As Pete brought up yesterday, we’re getting very sort of specific around here for a while, with songs from artists who were clearly inspired by other artists, and they want you to know it.
It’s not subtle.
Nope. Not subtle at all. This is Billy Squier in 1981, doing his best impression of Freddie Mercury as both songwriter and singer. And yes, it’s absolutely intentional — before his run of hits in the ’80s (and of course long before his rock-star career was run off the rails by one very bad decision), Squier opened for and admired Queen, and in fact asked Brian May to produce his second album. And so he did “The Stroke” as a Queen send-up and tribute.
The drum kicks in the intro bring to mind the famous opening of “We Will Rock You,” massed hand-clapping and all. And as an aside, that video for “We Will Rock You” offers another example of a problem we’ve mentioned before. Sometimes you just have to pretend. Singers can lip-synch anywhere, of course, and wearing a guitar without plugging it in is easy enough. But a drum kit is an awkward thing to lug around, especially if nobody’s going to play it, and even if you do drag one into a field, it just gets in the way. Even a piano is more manageable; it doesn’t interfere with the closeups, and nobody is really surprised to see a piano in an open field anymore.
Also, it’s hard to pretend to play drums. You can’t just wave the sticks around aimlessly, or even rhythmically. People will catch on to that pretty quickly. And if you try pulling your punches, so to speak, making drummerlike motions but not actually hitting your drums, you might hurt yourself, but mostly you’d look like a drummer who has lost the ability to judge distance and just keeps missing. Which is plausible as far as it goes, but doesn’t make a good impression.
So if you are the drummer, you finally just have to hit the things, and soon there is no meaningful difference between pretending to play drums and actually playing drums. And you can’t have that, not when nobody else has an amplifier to defend himself. So a question used to come up fairly often in the days of less sophisticated music videos, or when bands would make quick, one-song-and-out TV appearances: “What do we do with the drummer?” The answer is frequently “Oh, just give him a tambourine or something.” But Queen replied, “Drag the drum set out into the field, but make him sit next to it.” And on one of the great drum-driven records, too. Roger Taylor spends the video just looking distracted and uncomfortable and sort of cold.
OK, so on “The Stroke,” when Billy joins those drums, it’s actually pretty wonderful — Squier had the voice Freddie Mercury wished he had and kidded everybody into thinking he actually had. (We have great regard for Freddie Mercury as a rock artist and songwriter, but he had truly terrible instincts as a singer.)
The lyrics — well, yes, “The Stroke” does have some.
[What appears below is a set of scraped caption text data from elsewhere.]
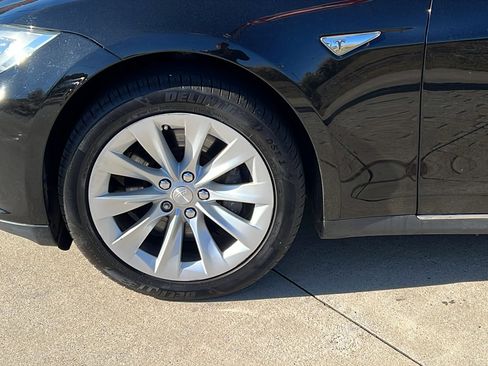 Used 2013 Tesla Model S Performance image 12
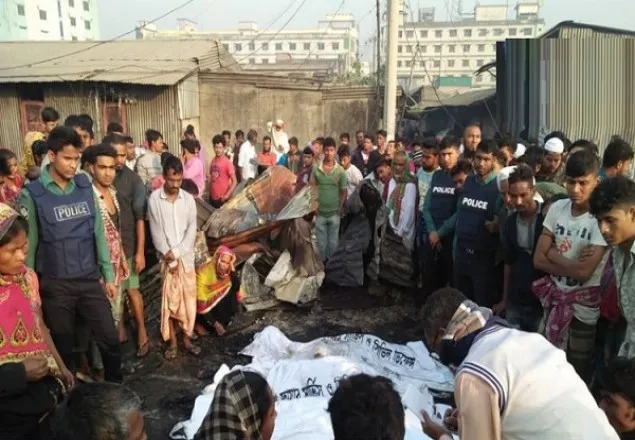 চট্টগ্রামে বস্তিতে অগ্নিকাণ্ডে নিহত বেড়ে ৯
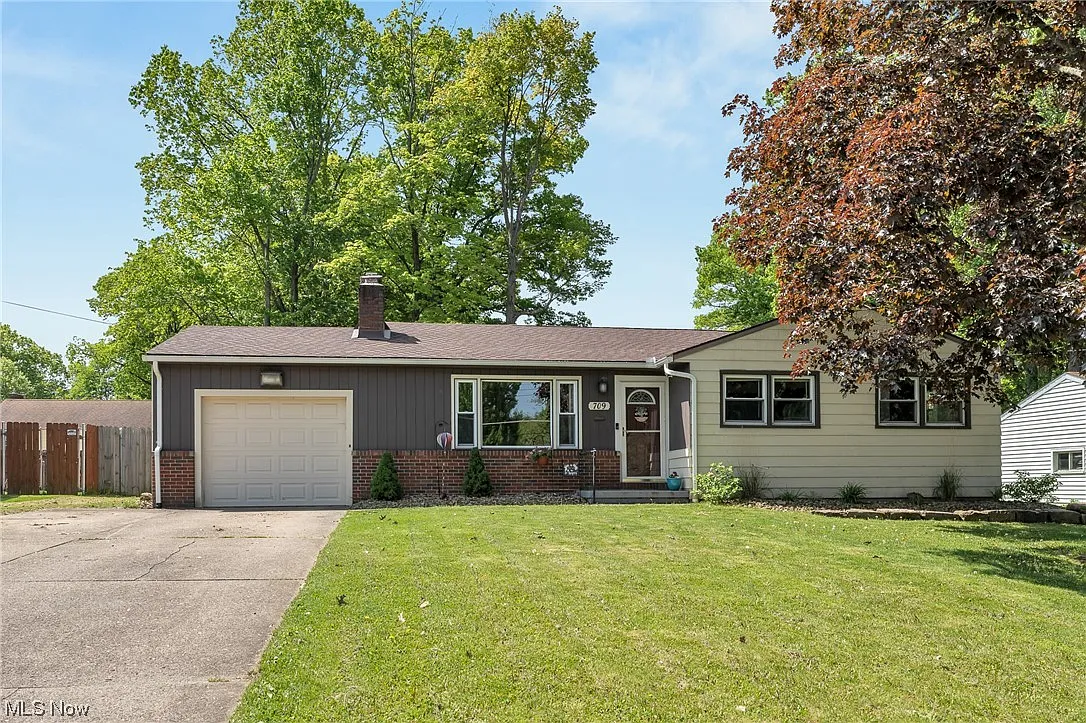 709 Annawan Ln photo 1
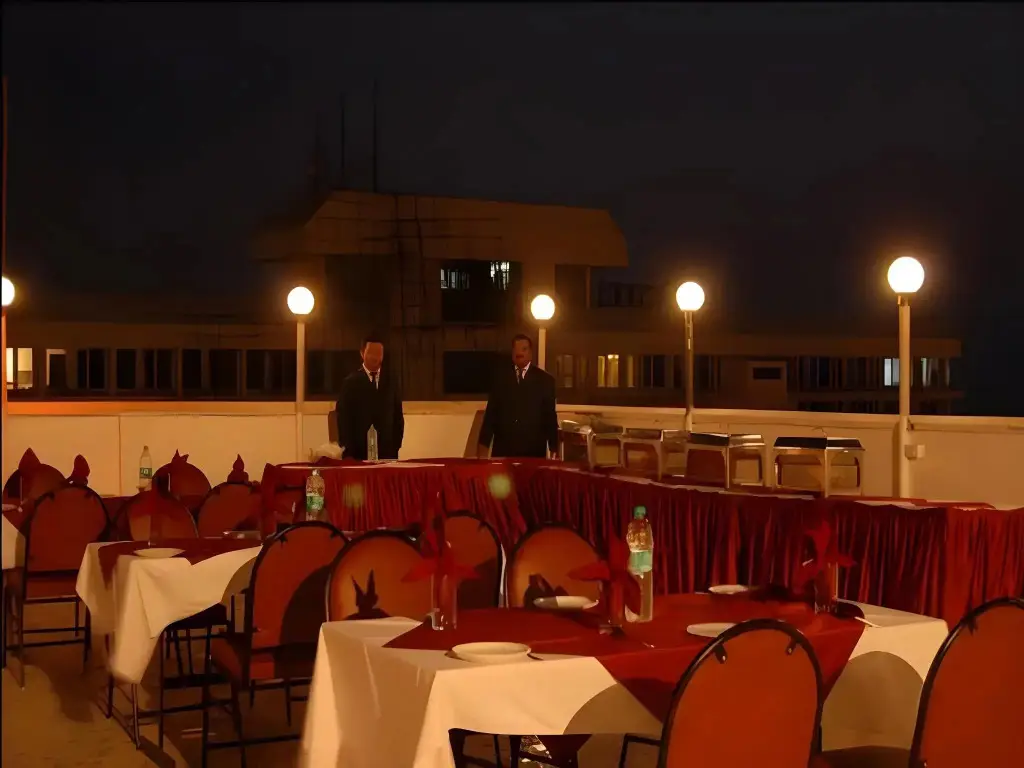 Мумбаи: Hotel Juhu Plaza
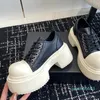 Scarpe casual di moda di alta qualità in pelle abito da design piatto di lusso vera pelle per donne straordinarie sneaker nappa nappa 6cm piattaforma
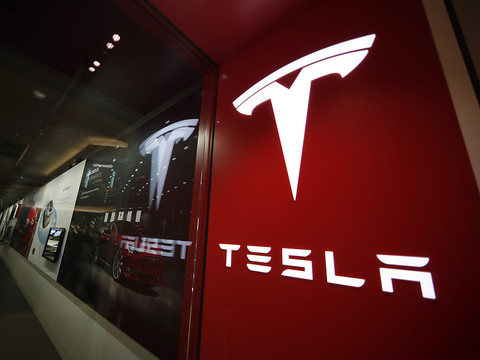 Entre des ventes incertaines et un patron distrait, Tesla souffre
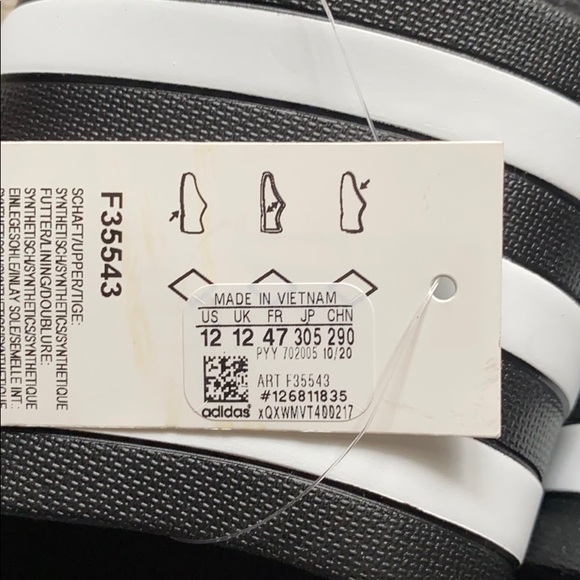 LAST 1 - NEW Adidas Adilette slides size 10 - unisex - Picture 9 of 9
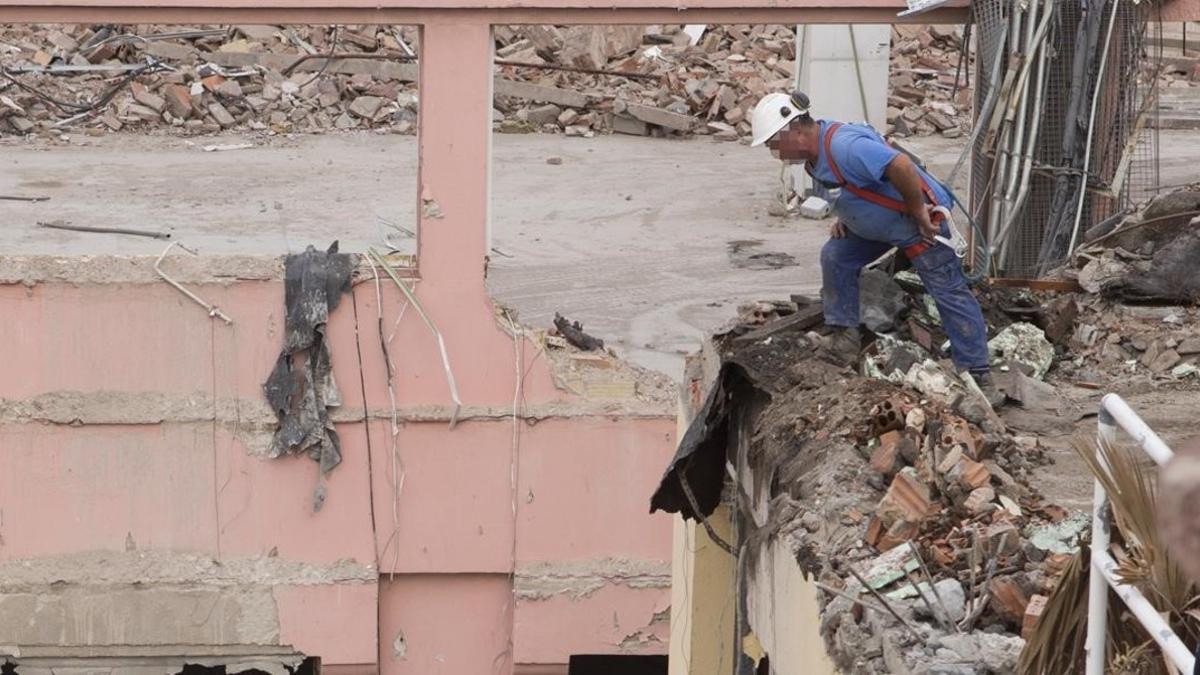 Un trabajador con arnés de protección pero sin anclar, en una obra de Barcelona accidentes laborales seguridad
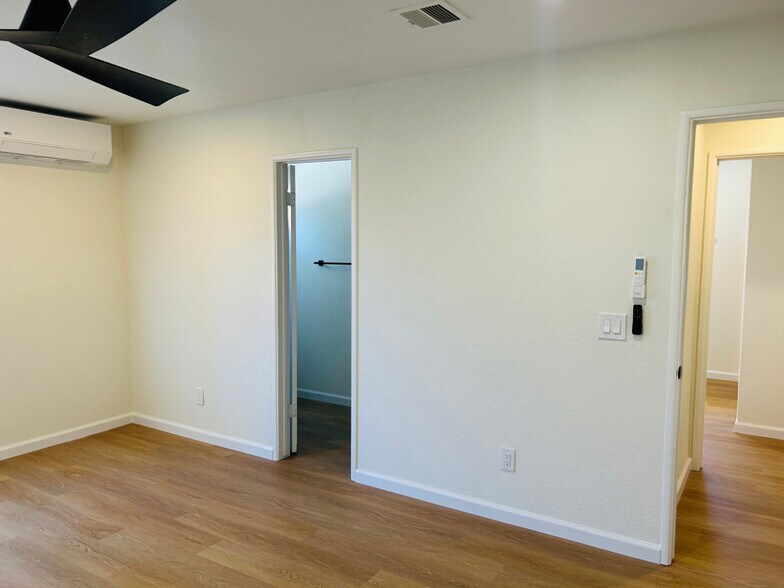 Building Photo - 2811 E 11th St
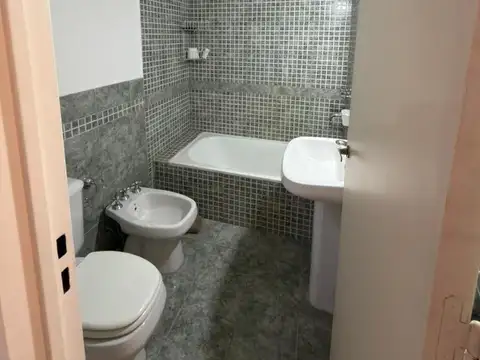 DEPARTAMENTO 1 DORMITORIO CON PATIO EN BOLIVAR 800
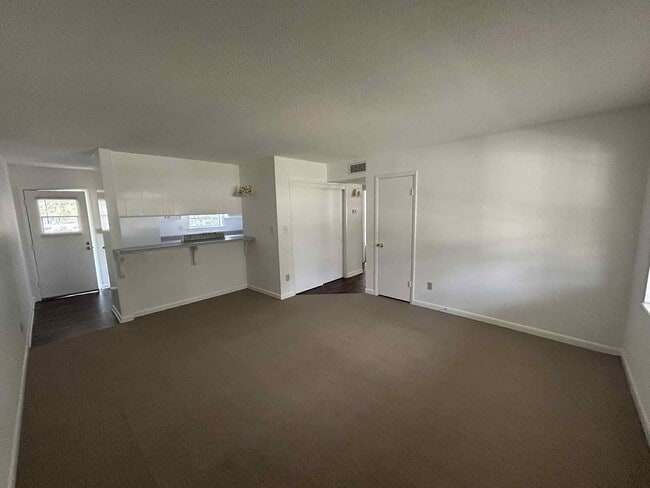 Cedar Trace Apartments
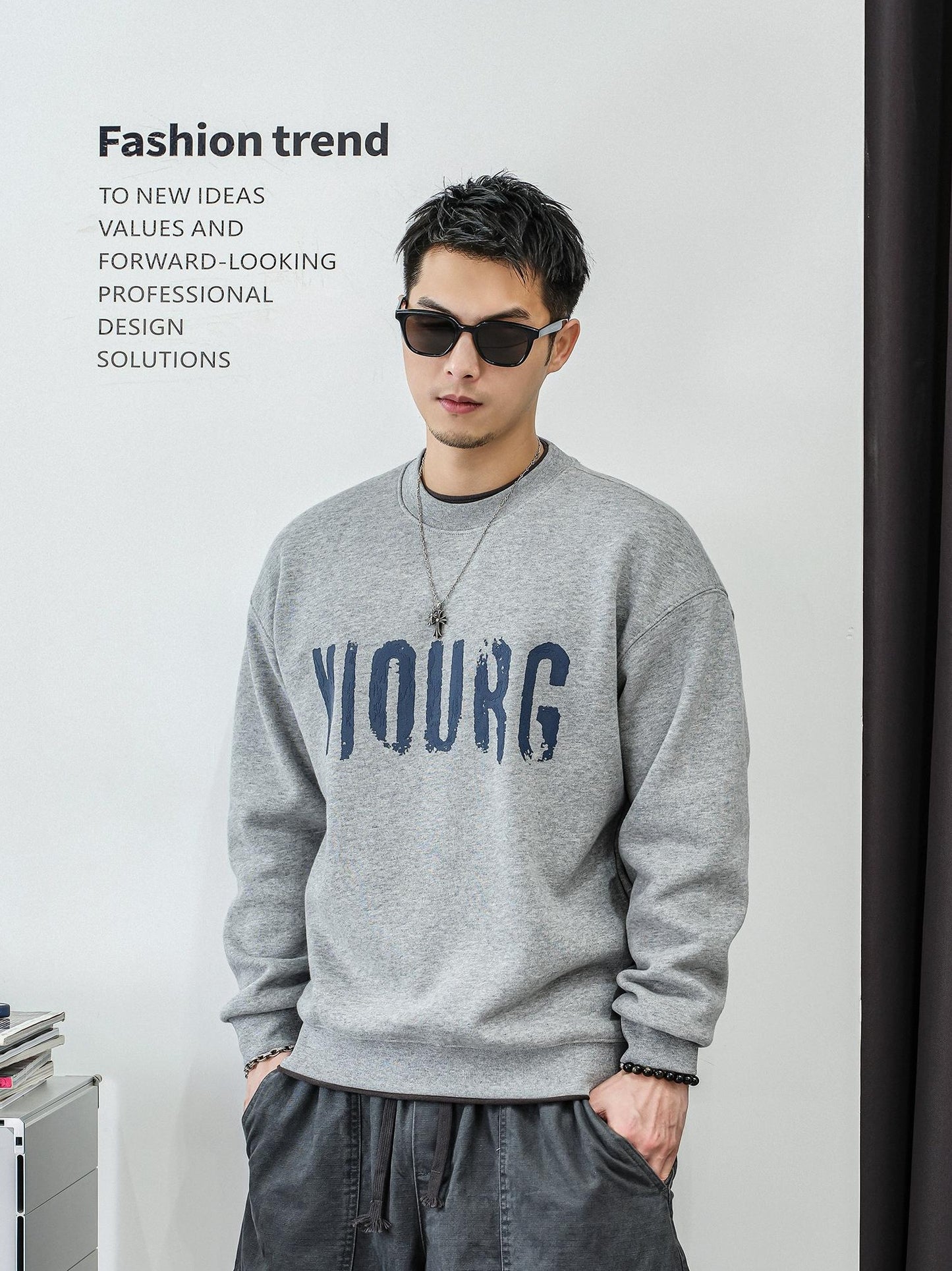 フリースレタードセーター　トップ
A string of dirty-sounding, sort of threatening phrases and advice, and a general complaint about being “stroked” for the sake of being taken advantage of.
Now everybody, have you heard?
If you’re in the game,
Then the stroke’s the word
Don’t take no rhythm,
Don’t take no style
Got a thirst for killin’,
Grab your vial (Vial?)
The first verse seems to be addressed to some sort of political type who is advised to “spread your ear pollution, far and wide/Keep your contributions by your side,” while the second is addressed to, probably, someone else:
First you try to bed me,
You make my backbone slide (Ow.)
But when you found you bled me,
Skip on by,
Keep on stroke me, stroke me
Give me the business all night long
Soon Billy is shouting “Get yourself together, boy,” and it all ends abruptly after a falling vocal line on “Say you’re a winner but man, you’re just a sinner now,” and you know, the man has totally out-Queened Queen. “The Stroke” has a power-chord guitar solo-like thing, absolutely massive bass, and a subterranean string effect (about three minutes in) that hints at Brian May’s loooong whammy bar string-out on “Rock You.” It’s completely cool nonsense; it’s the great pop metal record Queen wanted to make, but never quite made.